しかし実際には、書くことは無意識だから、
「次の無意識」に、その計画を渡すだけなのだが。
まず、意識でプロットを書く。
プロットとは計画だ。
完成形の全体像から、骨格から、パーツから、
細かく計画されている。
次は無意識で最後まで書く。
意識でそれを評価し、プロットを越えている所は誉め、
プロット未達はそこを再度埋めるように再計画し、
無意識の宜しくないところを修正し、
無意識のよいところは伸ばすようにし、
次の段階に、執筆の無意識をすすめる。

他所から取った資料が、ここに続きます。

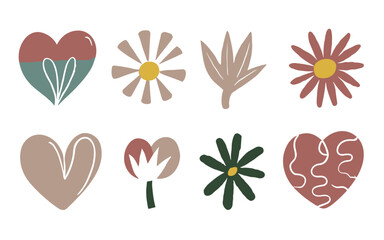 Abstract hearts vector clipart. Valentine's day vector clipart.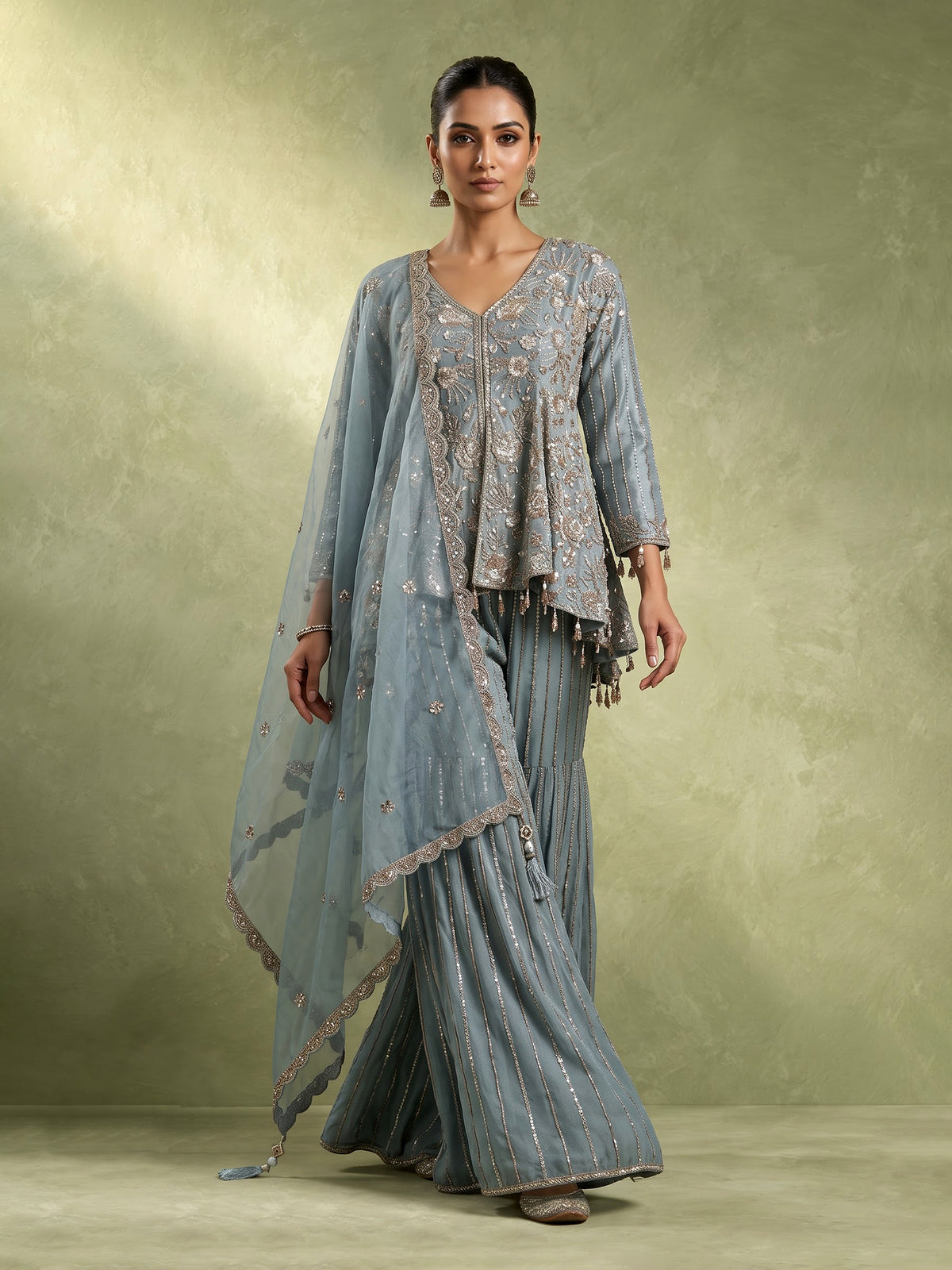 Mint blue tissue silk palazzo suit with cutdana and sequins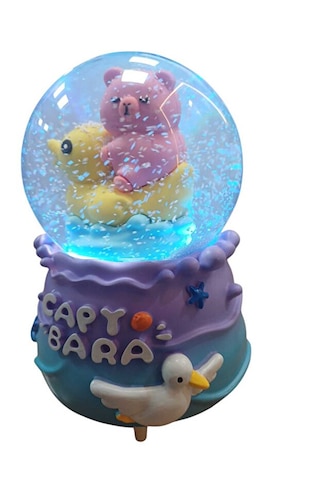 Capy Bara Jumbo En Büyük Boy Kar Küresi Püskürtme Motorlu Müzikli Işıklı Yılbaşı Hediyesi -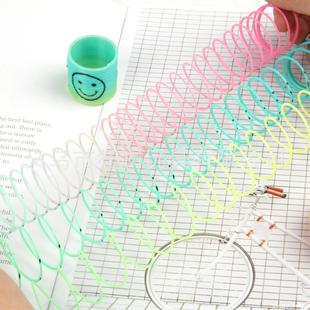 Educational Colorful Spring Ring Smiley Face Gradient Stretching Hula Hoop Toy Mini Rainbow Ring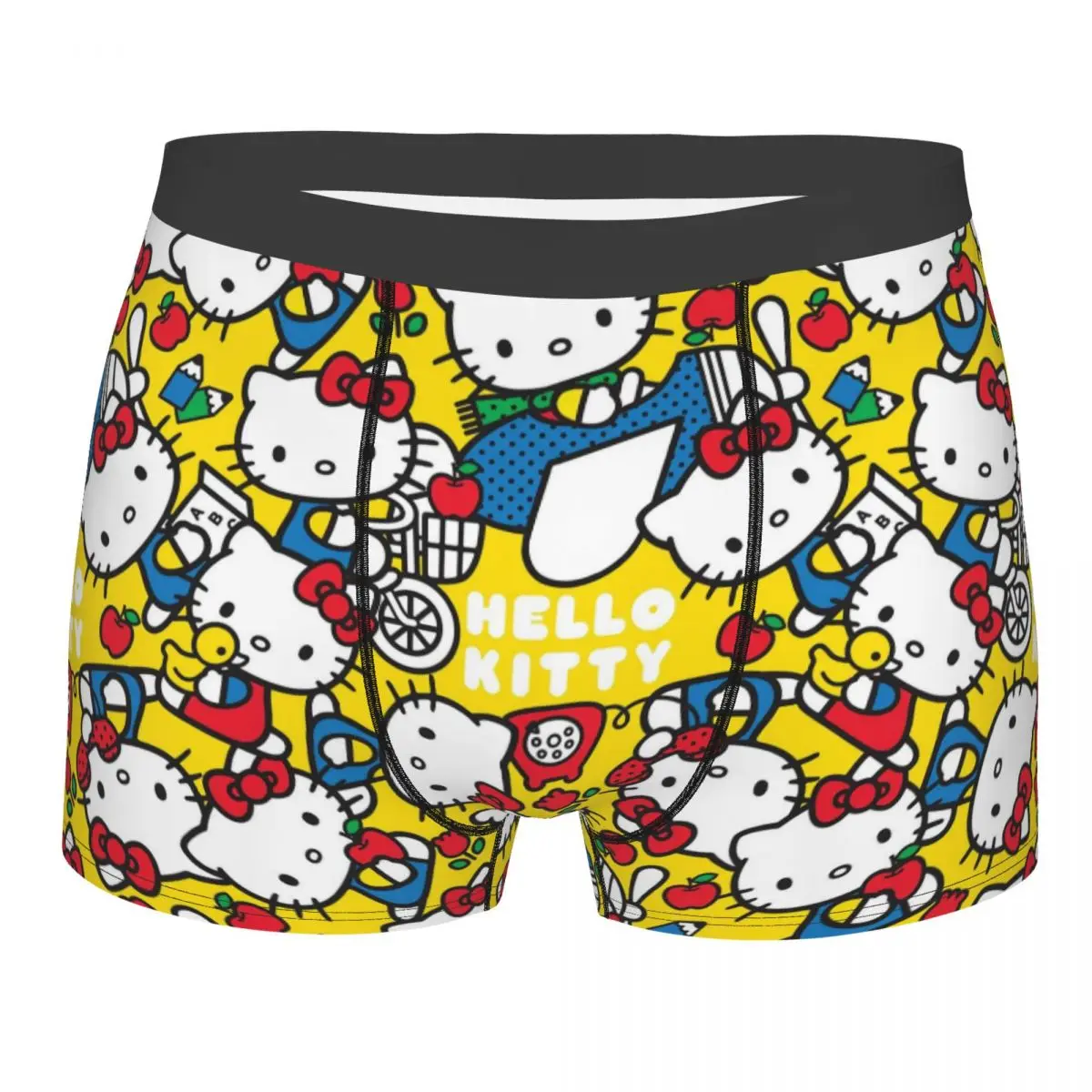 Hello Kitty Cartoon Boxers pour hommes, sous-vêtements fantaisie, slips Kawaii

(リライト)
あとはこの繰り返しだ。
自分の中の、意識と無意識が、お互い納得したときが、
完成である。
リライトには二段階ある。
自分の中のリライトと、
他人に指示されて直すリライトだ。
まず、自分の中のリライトが上手く出来ないと、
他人に指示されるリライトは上手く行かない。
自分の中で、無意識で書いたのか、意識でコントロールしたのか、
分からないと、他人の意見が咀嚼できないからだ。
他人の意見や指示は、所詮意識化された言語によるもので、
我々の中の無意識に影響を与えられない。
ホームランが打てない人に、
膝を締めろだのコンパクトに持てだの握力を締めろだのと、
部分的でガワを規定する指示ばかりするようなものだ。
それは言葉によるものだからだ。
言葉だけでは、
我々の無意識に影響を与えられない。
(長嶋茂雄は天才なので、ガーンとかシュッとか表現してたね)
だから、下手くそなリライトは、
意識だけで文章を直し、魂がどんどん減った、詰まらないだけの話に成り下がる。
上手なリライトは、
無意識と意識の往復が、上手くいくものである。
意識からの指示と、無意識からの返球が、
うまく噛み合うものだ。
(意識の指示通りの原稿にすると、絶対に良くならない。
悪いところが直るだけで、良くならない。
いいところが削られて、悪いところがましになった、
パワーの小さなものになっていく。
もっといい解は、無意識しか見つけられない)
意識と無意識の往復、ととりあえず言ってみた。
この感覚を分かるには、
大分かかるかも知れない。
あなたは次に何を思うか?
それが無意識である。
思う前に、あなたの中に大きな湖があって、
色んな流れが生じたり消えたりしているイメージだ。
そこから何かあって、あなたは次に何かを思う。
無意識とはそういう体系のような感じ。
それを論理的分析的言語で把握するのが、意識。
両方があなたで、あなたは両方で、
思ったり、考えたりする。
非言語領域と言語領域というのともちょっと違う。
無意識は体や体験に基づいている気がする。
(僕がタイピングによる執筆を勧めず、
手書き執筆後、タイピング清書を勧めるのは、
そういう身体性に関係していると直感するからだ)
なにやら言葉で捉えきれない。
霊感とか憑依とかの、原始的宗教と同じことだが、
オカルトになってはならない。
まあ、沢山書いてるうちに分かってくる感覚か。
あなたは無意識で書いている。
それを意識で分析し、次の指示を自分に出す。
その繰り返しだ。
意識の分析力が、おそらくは脚本論とか物語論とか呼ばれる領域なのだ。